* Task requirements
Among the lines of the listing below, retype exactly those from the one containing "Mid-Century Vintage Greco-Roman" through the one containing "Passage, ILe St-Louis", both included. Do not include pictures.

* Material to process
=-=-=

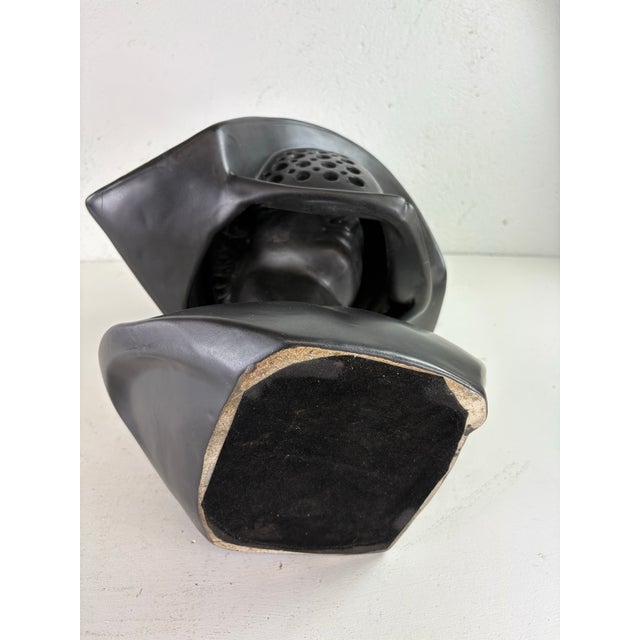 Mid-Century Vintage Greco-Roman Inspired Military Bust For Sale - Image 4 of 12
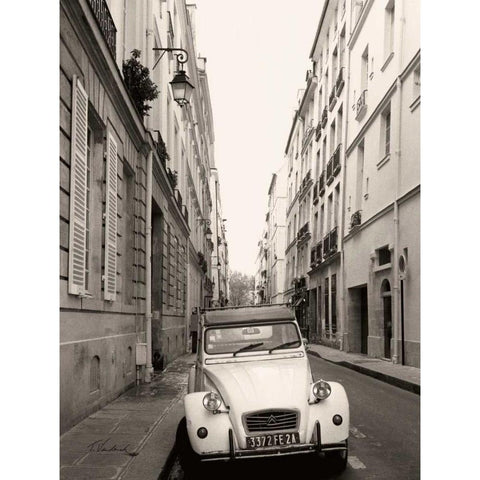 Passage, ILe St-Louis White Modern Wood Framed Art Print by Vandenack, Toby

=-=-=

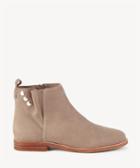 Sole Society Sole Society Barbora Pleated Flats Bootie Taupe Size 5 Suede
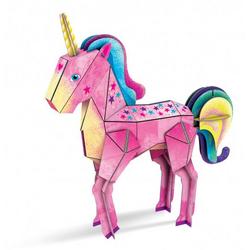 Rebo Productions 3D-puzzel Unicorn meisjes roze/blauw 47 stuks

=-=-=

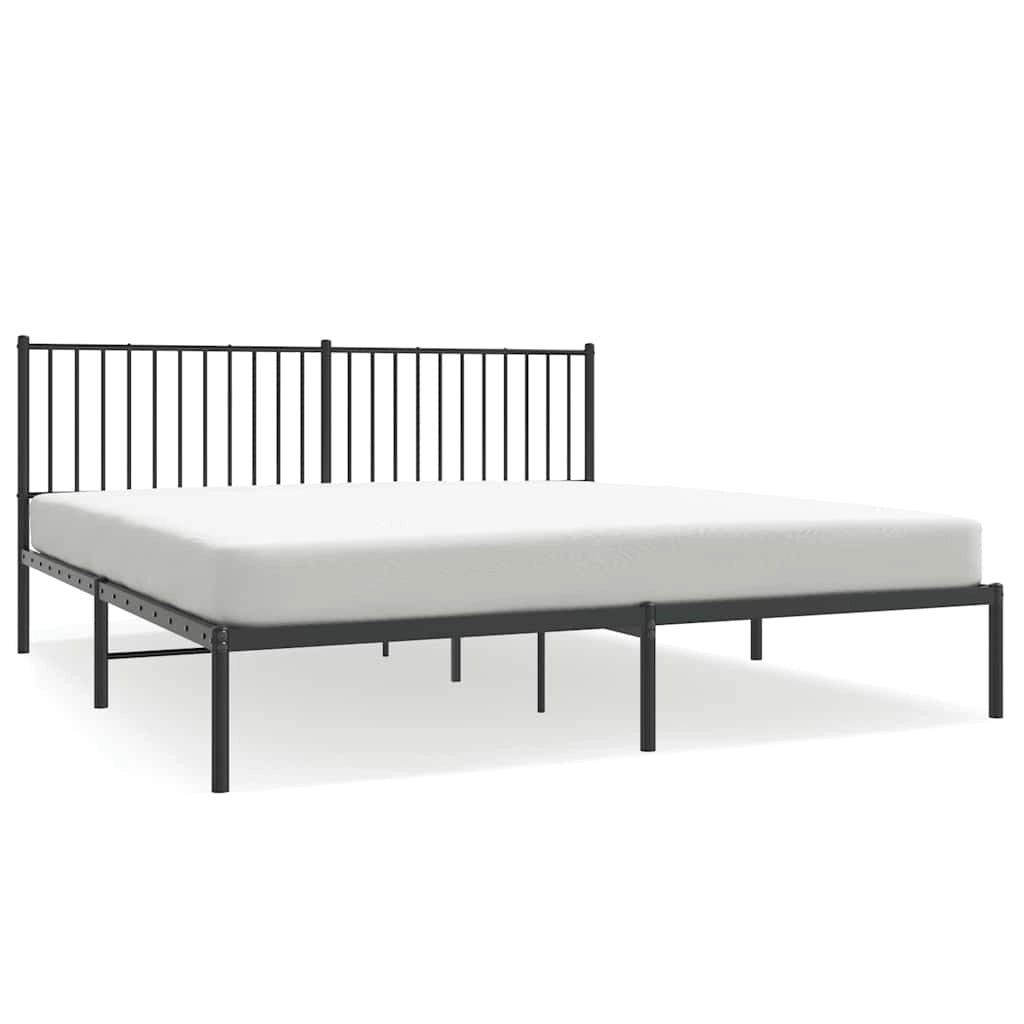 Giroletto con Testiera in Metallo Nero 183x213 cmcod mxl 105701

=-=-=

* Result for this task
 Mid-Century Vintage Greco-Roman Inspired Military Bust For Sale - Image 4 of 12
 Passage, ILe St-Louis White Modern Wood Framed Art Print by Vandenack, Toby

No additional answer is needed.